Posted by PeterT under Daily Challenges, Meaningful Caregiving | Tags: , , , , , , , , , , , , , , , , , , , |
Leave a Comment 

In last night’s post I said I would do it.  Tonight I will keep that promise, or threat, depending on your perspective.  As I said last night, this is rated PG45 since that number exceeds the ages of our Daughter, Son and their spouses.  As Daughter-in-Law Becky once said when I was only hinting at something that could move into the forbidden area of parents intimate activity — “Too much information!!” 
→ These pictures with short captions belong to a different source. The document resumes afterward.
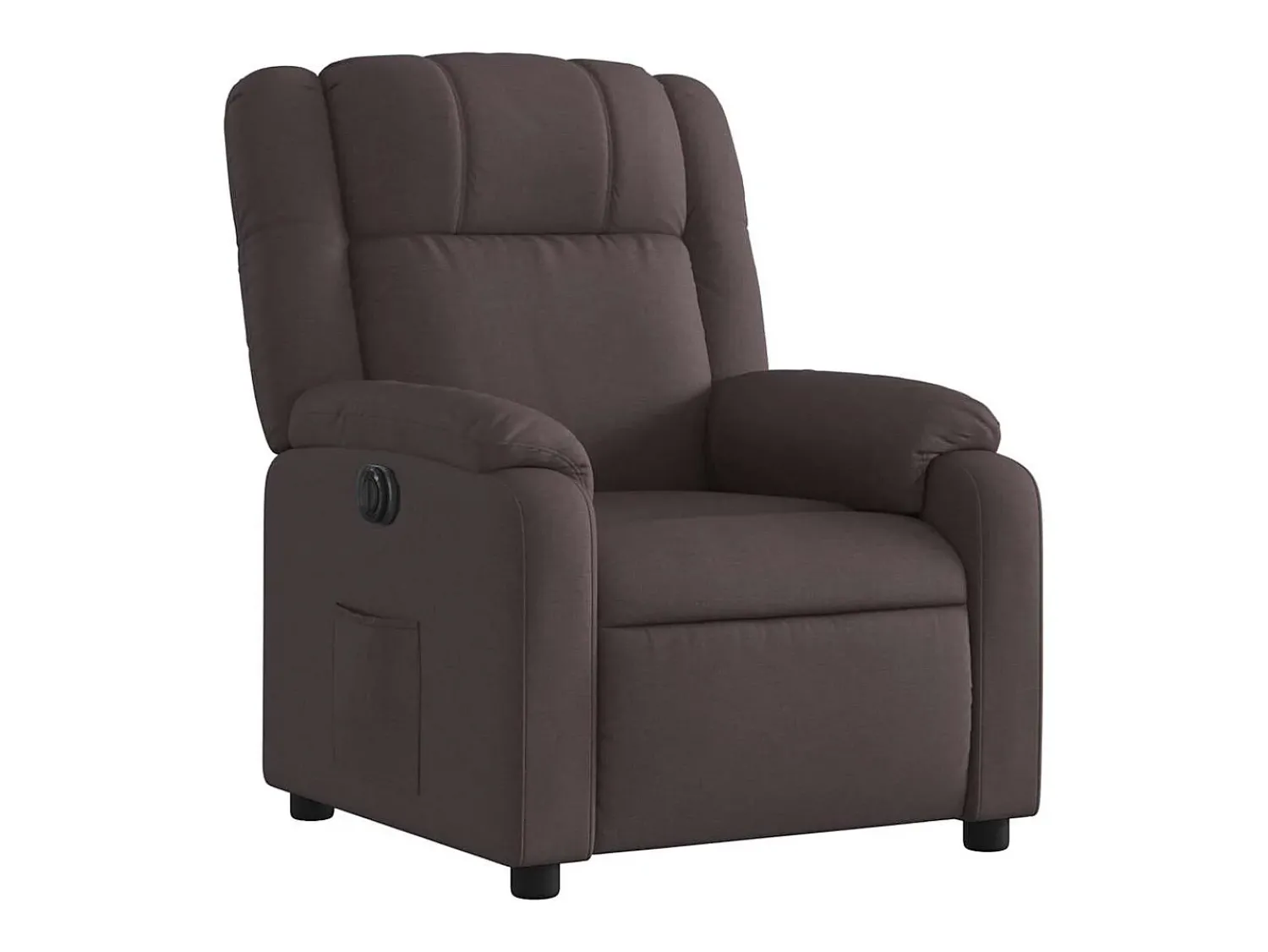 New Poltrona elétrica reclinável tecido -escuro SHL857608 Castanho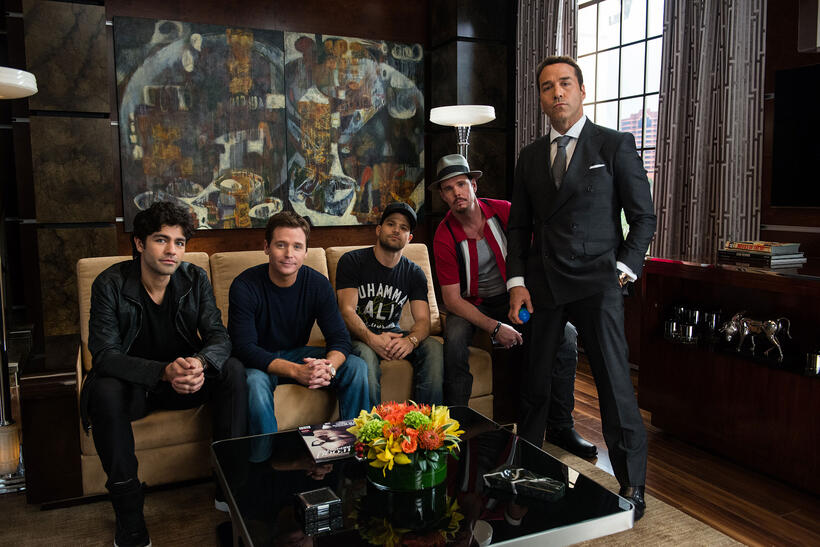 Adrian Grenier as Vince, Kevin Connolly as Eric, Jerry Ferrara as Turtle, Kevin Dillon as Johnny Drama and Jeremy Piven as Ari Gold in "Entourage."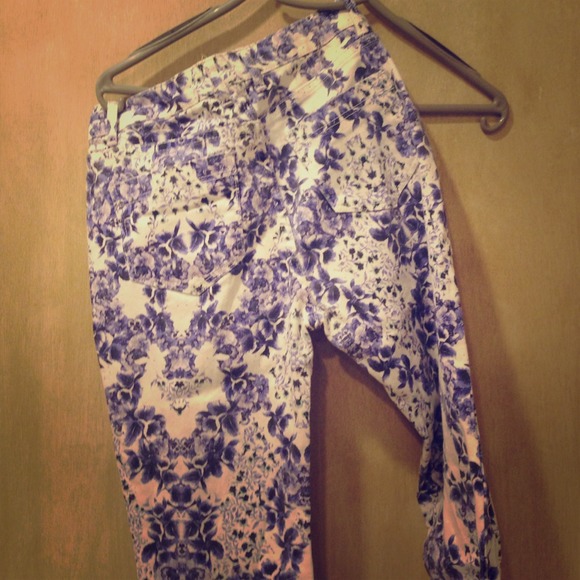 Floral Patterned Colour Skinny Jeans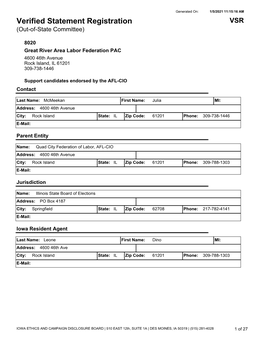 Verified Statement Registration VSR (Out-Of-State Committee)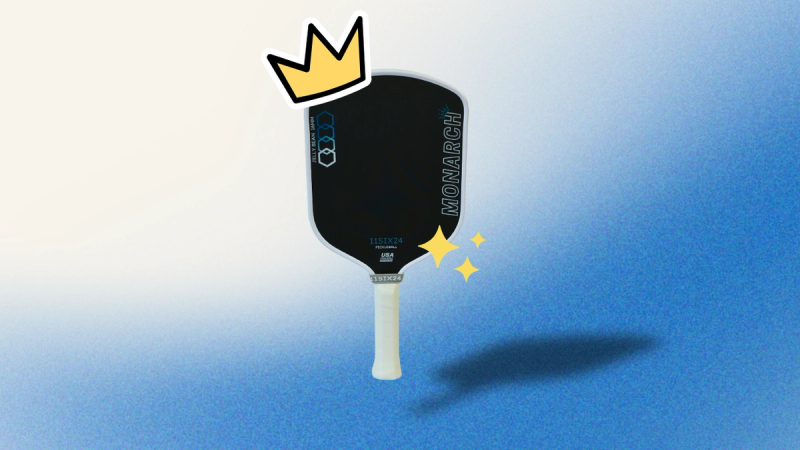 Illustration of an 11SIX24 paddle wearing a cartoon gold crown against a blue gradient, with sparkles beside it.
Since I am old and by some measures (probably most measures) a little stodgy, there is no need to fear too much information.  In saying that, I have, of course, lost all those curiosity seekers who ended up here in hopes of finding something titillating.  I am not sure this old ticker could handle much titillation.  With that said, we old folks still have young folks living inside of us. 

I remember sitting in a movie once, I think it was one of the Grumpy Old Men movies of some years ago.  There was a scene in which Walter Matthau and Ann-Margaret kissed — right on the lips.  Everyone in the theater who was under thirty groaned audibly.  From right behind us I heard at an “Oh gross!” 

I do have to admit that the thought of kissing Walter Matthau full on the mouth is hardly appetizing.  Then again, Ann-Margaret is another story.  What the young among us probably don’t understand is that we old people think other old people are cute, sometimes downright good-looking. 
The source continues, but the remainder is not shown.